Hack the Box Walkthrough: SteamCloud

Steamcloud is a great box for learning about kubernetes. As always, starting off with an nmap scan:

So we got ports 22, 2379, 8443, 10249, 10250, and 10256 open. Taking a look at the details, ports 8443 and 10256 both reference kubernetes. Using some Google-Fu, I found a rather helpful article on Kubernetes Attack Surface by Optiv. It looks like port 8443 is often the default port for K8s Minikube API server and 10250 is the port for the kubelet api. Unfortunately, the former requires some level of authentication, but the latter does not and contains a lot of info about the pods in the cluster. Running a quick curl command was enough to get it to pour out a bunch of data:

‘curl https://10.10.11.133:10250/pods -k’

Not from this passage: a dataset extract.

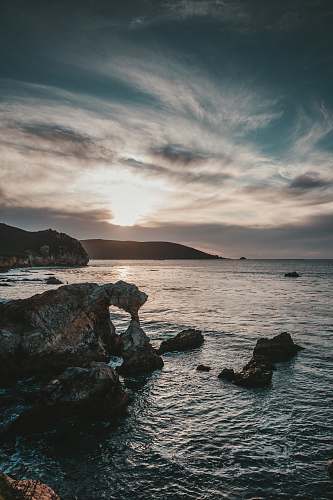 ocean rock near body of water water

To refine this a bit, I decided it was best to actually get a kubelet tool and installed kubeletctl on my machine.

This looks like an interesting cluster of data. What if we scan for remote code execution….

Oh hey, there’s quite a few. Let’s poke around and see if we poke around, does anything give something interesting?

nginx has access to a directory, not only that but we were able to get user.txt AND we’re running as root! Unfortunately trying to dig around shows we don’t have as much power through this as we’d hope. Maybe we can mount a malicious container if we can get access to the security token and TLS certificate…

And we got what we need! Created a token and ca.crt file for each of these along with a malicious container file named hacks.yaml.

Installed kubectl locally and mounted our new pod.

Finally, we used kubletctl to connect to our new evil pod and routed into /mnt/root to get the root.txt file

And there we have it! Definitely a nice box to get a foothold in kubernetes exploits.